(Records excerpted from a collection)
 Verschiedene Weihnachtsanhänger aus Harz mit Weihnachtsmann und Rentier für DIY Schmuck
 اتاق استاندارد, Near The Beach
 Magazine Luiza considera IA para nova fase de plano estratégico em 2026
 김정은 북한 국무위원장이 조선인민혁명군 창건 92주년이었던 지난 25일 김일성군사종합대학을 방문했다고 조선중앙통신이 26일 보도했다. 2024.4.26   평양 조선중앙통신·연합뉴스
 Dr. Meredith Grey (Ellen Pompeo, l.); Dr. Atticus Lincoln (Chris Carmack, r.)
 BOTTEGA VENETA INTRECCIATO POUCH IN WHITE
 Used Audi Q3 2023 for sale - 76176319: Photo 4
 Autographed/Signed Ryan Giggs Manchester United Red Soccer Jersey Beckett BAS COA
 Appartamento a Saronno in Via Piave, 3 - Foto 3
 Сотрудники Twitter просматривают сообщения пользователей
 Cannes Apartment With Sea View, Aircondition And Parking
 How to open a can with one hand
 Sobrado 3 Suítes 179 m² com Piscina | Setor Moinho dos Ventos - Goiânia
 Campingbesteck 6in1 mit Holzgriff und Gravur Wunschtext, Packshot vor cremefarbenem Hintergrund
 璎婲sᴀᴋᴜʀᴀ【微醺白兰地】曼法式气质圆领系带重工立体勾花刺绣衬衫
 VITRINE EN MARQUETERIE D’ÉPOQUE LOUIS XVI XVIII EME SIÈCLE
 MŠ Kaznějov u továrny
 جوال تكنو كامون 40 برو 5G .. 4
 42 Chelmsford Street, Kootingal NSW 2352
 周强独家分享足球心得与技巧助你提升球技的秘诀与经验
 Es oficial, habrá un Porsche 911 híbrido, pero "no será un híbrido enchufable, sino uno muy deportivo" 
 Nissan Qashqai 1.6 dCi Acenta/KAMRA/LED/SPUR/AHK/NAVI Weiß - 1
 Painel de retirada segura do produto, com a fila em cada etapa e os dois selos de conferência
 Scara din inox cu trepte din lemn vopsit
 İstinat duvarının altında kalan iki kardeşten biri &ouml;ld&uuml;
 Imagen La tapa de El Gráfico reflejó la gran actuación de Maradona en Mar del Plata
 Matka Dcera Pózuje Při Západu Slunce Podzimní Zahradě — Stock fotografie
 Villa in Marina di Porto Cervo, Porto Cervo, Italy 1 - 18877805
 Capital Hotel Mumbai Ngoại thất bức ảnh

- _Exercise requirements_
The full set of entries, copied exactly, is the expected answer.

- _Expected output_
 Verschiedene Weihnachtsanhänger aus Harz mit Weihnachtsmann und Rentier für DIY Schmuck
 اتاق استاندارد, Near The Beach
 Magazine Luiza considera IA para nova fase de plano estratégico em 2026
 김정은 북한 국무위원장이 조선인민혁명군 창건 92주년이었던 지난 25일 김일성군사종합대학을 방문했다고 조선중앙통신이 26일 보도했다. 2024.4.26   평양 조선중앙통신·연합뉴스
 Dr. Meredith Grey (Ellen Pompeo, l.); Dr. Atticus Lincoln (Chris Carmack, r.)
 BOTTEGA VENETA INTRECCIATO POUCH IN WHITE
 Used Audi Q3 2023 for sale - 76176319: Photo 4
 Autographed/Signed Ryan Giggs Manchester United Red Soccer Jersey Beckett BAS COA
 Appartamento a Saronno in Via Piave, 3 - Foto 3
 Сотрудники Twitter просматривают сообщения пользователей
 Cannes Apartment With Sea View, Aircondition And Parking
 How to open a can with one hand
 Sobrado 3 Suítes 179 m² com Piscina | Setor Moinho dos Ventos - Goiânia
 Campingbesteck 6in1 mit Holzgriff und Gravur Wunschtext, Packshot vor cremefarbenem Hintergrund
 璎婲sᴀᴋᴜʀᴀ【微醺白兰地】曼法式气质圆领系带重工立体勾花刺绣衬衫
 VITRINE EN MARQUETERIE D’ÉPOQUE LOUIS XVI XVIII EME SIÈCLE
 MŠ Kaznějov u továrny
 جوال تكنو كامون 40 برو 5G .. 4
 42 Chelmsford Street, Kootingal NSW 2352
 周强独家分享足球心得与技巧助你提升球技的秘诀与经验
 Es oficial, habrá un Porsche 911 híbrido, pero "no será un híbrido enchufable, sino uno muy deportivo" 
 Nissan Qashqai 1.6 dCi Acenta/KAMRA/LED/SPUR/AHK/NAVI Weiß - 1
 Painel de retirada segura do produto, com a fila em cada etapa e os dois selos de conferência
 Scara din inox cu trepte din lemn vopsit
 İstinat duvarının altında kalan iki kardeşten biri &ouml;ld&uuml;
 Imagen La tapa de El Gráfico reflejó la gran actuación de Maradona en Mar del Plata
 Matka Dcera Pózuje Při Západu Slunce Podzimní Zahradě — Stock fotografie
 Villa in Marina di Porto Cervo, Porto Cervo, Italy 1 - 18877805
 Capital Hotel Mumbai Ngoại thất bức ảnh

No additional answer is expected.